Per alcuni
Suspended è una mostra inquietante, per altri è venata d’ironia, finanche rilassante, con quei rimandi sonori e visivi all’acqua, al liquido amniotico. L’approccio dipende, ancora una volta, dallo stato d’animo di chi guarda. Certo è che, come preannunciano all’inizio del percorso le impronte di piedi bloccate in un ipotetico cubetto di ghiaccio, l’immobilità è un dato di fatto. Un’atmosfera da astronave alla deriva.
Claudio Martinez (Roma, 1968) sceglie una parola inglese per riassumere, a partire dal titolo, la condizione di sospensione, generica e neutra, che avvolge questi suoi ultimi lavori. Condizione che, componente patologica inclusa, dovrebbe essere temporanea, perché aperta a possibili superamenti, ma che spesso rotola verso la cronicizzazione. Proprio come accade in questa mostra, dove “
il cambiamento non è previsto”, come sentenzia l’artista.
Le opere -immagini fotografiche, di cui alcune risalgono al 2002, e in movimento bloccate all’interno di barattoli di vetro, lenti, uova, tubi- sono una sorta di evoluzione di quei fossili contemporanei a cui alludeva
Tired (1999), una delle prime mostre in cui l’autore sperimentava le geniali possibilità della resina per superare i limiti linguistici e dimensionali della fotografia. Fotografie che diventano altro: sculture, installazioni.
Martinez è fotografo, ma i suoi riferimenti culturali spaziano da Marquez a Wenders, Osvaldo Soriano, Ry Cooder, Chet Beker, Jean-Pierre Jeunet e Marc Caro, i Monty Python, Terry Gillia. Parte dalla fotografia per tornare alla fotografia. Ama il reportage e cita autori come
Salgado e
James Natchwey; egli stesso per un certo periodo si è dedicato a questo genere, finché non si è radicata la consapevolezza che intervenire sulla realtà attraverso la fotografia era solo un’illusione, parallelamente alla perdita di fiducia nell’informazione come strumento all’uopo.

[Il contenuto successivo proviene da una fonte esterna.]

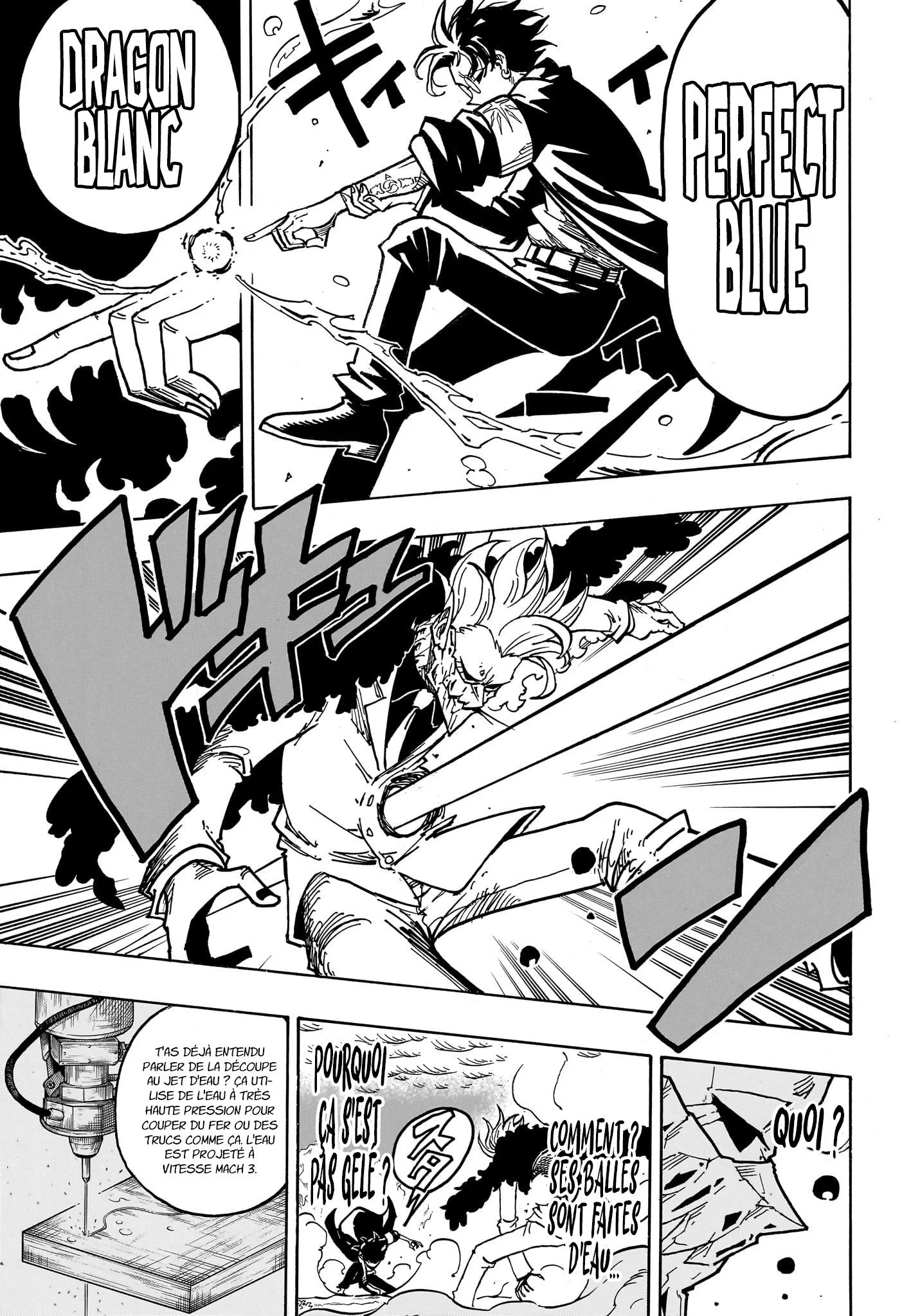 Exorcist no Kiyoshi-kun Chapitre 41 - Page 6
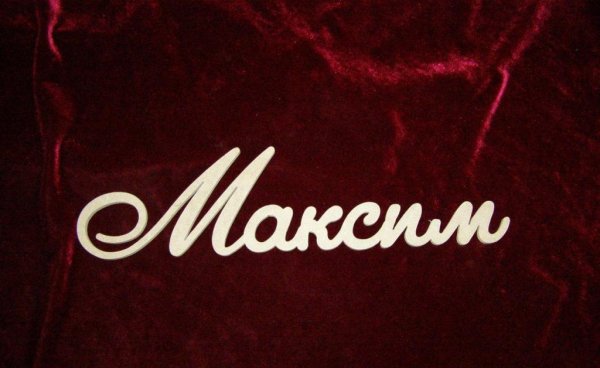 Максим имя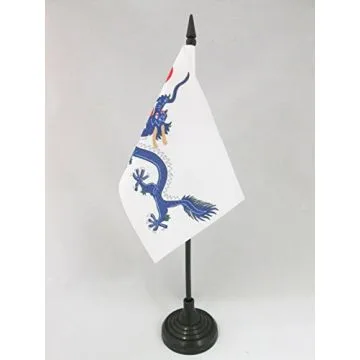 DRAPEAU DE TABLE CHINE DYNASTIE QING 1889 15x10cm - PETIT DRAPEAUX DE BUREAU DRAGON CHINOIS 10 x 15 cm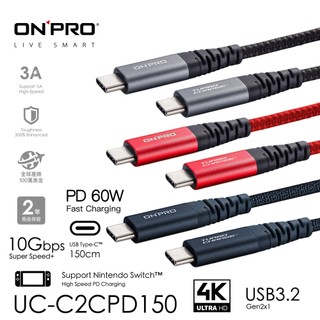 ONPRO USB-C to C 1.5m 150cm 傳輸線 Type-C UC-C2CPD150 A090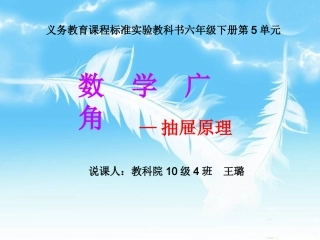 抽屉原理说课稿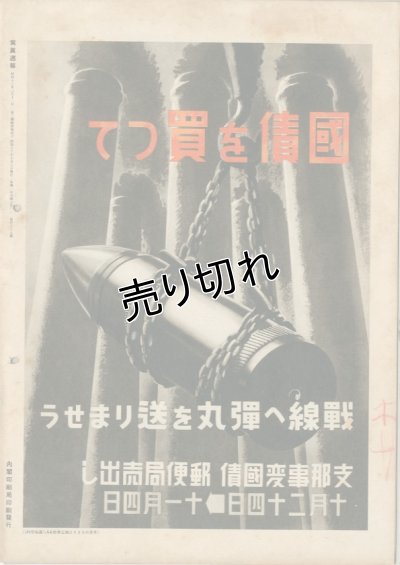 画像3: 写真週報　昭和16年10月8日　第189号
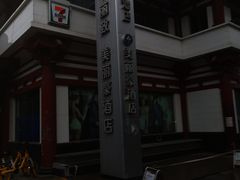 -美丽豪酒店(西安钟鼓楼回民街店)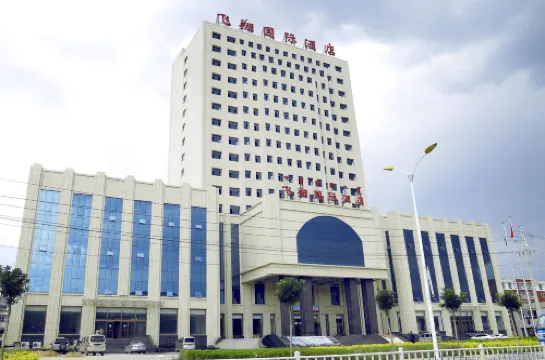 Feixiang International Hotel Hotels in Qingshuihe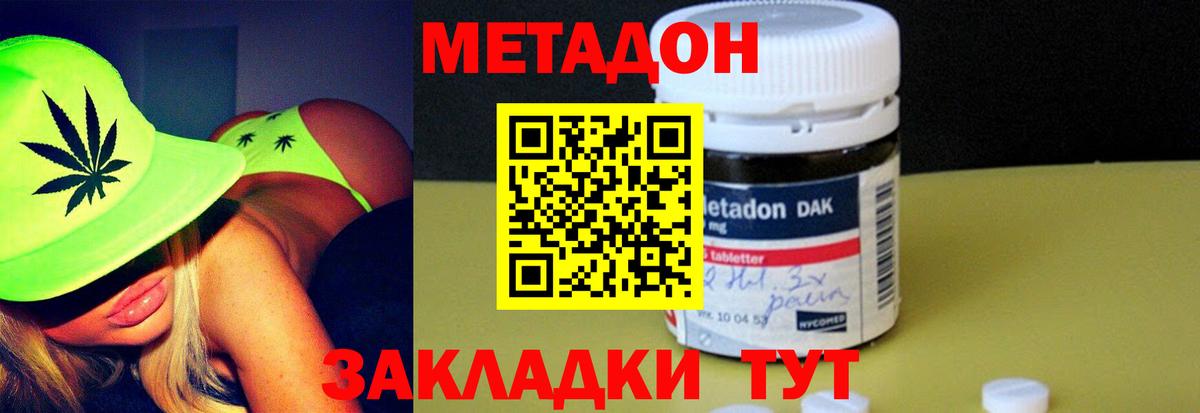 Домодедово  Метадон белоснежный  МЕГА tor  Вход с VPN  МЕТАДОН methadone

La componente luce, fondamentale per la costruzione della fotografia, lo è anche per questi suoi lavori, tutti illuminati. Anche la scelta della resina rimanda alla magia del momento in cui, nella camera oscura, l’immagine fotografica prende forma nel liquido della bacinella. Il bagno di resina, quindi, non è che un modo per ricreare l’idea di quella formula alchemica. Quanto ai corpi ibernati, tutti completamente nudi perché interpretati come forme poetiche, non certo in chiave erotica (le foto sono state appositamente scattate su pellicola a raggi infrarossi bianco e nero) sono prevalentemente femminili, con l’eccezione dell’uomo del video, il danzatore di butoh Alessandro Pintus.
Una scelta che per l’artista va al di là della componente puramente formale: “
Penso che tanto la donna quanto l’uomo siano stati ‘distratti’ dall’enorme quantità di illusioni e bisogni che da marginali si sono spostati sempre di più verso il centro dei desideri, ma sento che la donna sia quella che da ciò ne ha perduto più forza, si è messa in stand-by, spesso pretende dei riconoscimenti come diritti dal di fuori, ma ha smesso di lottare”.